- ASSIGNMENT
Search the entries for lines that contain the word "Hotel", and report each one found.

──────────

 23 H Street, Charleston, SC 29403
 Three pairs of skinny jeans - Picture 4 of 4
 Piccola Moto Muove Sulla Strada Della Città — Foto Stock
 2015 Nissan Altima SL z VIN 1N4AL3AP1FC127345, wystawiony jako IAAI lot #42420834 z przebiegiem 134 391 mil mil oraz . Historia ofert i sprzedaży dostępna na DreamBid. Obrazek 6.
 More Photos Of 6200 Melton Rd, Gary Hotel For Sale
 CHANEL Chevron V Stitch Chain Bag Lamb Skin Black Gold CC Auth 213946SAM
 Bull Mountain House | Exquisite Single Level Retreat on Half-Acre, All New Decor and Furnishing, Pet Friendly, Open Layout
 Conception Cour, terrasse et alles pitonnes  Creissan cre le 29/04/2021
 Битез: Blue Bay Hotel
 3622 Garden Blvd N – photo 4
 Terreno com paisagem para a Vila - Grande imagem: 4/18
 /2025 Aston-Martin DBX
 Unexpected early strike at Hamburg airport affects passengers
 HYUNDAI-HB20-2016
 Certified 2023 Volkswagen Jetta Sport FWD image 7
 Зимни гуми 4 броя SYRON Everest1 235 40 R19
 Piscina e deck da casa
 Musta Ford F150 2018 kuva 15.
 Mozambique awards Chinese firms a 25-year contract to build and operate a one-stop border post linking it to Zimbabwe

──────────

- ANSWER TO THIS TASK
 More Photos Of 6200 Melton Rd, Gary Hotel For Sale
 Битез: Blue Bay Hotel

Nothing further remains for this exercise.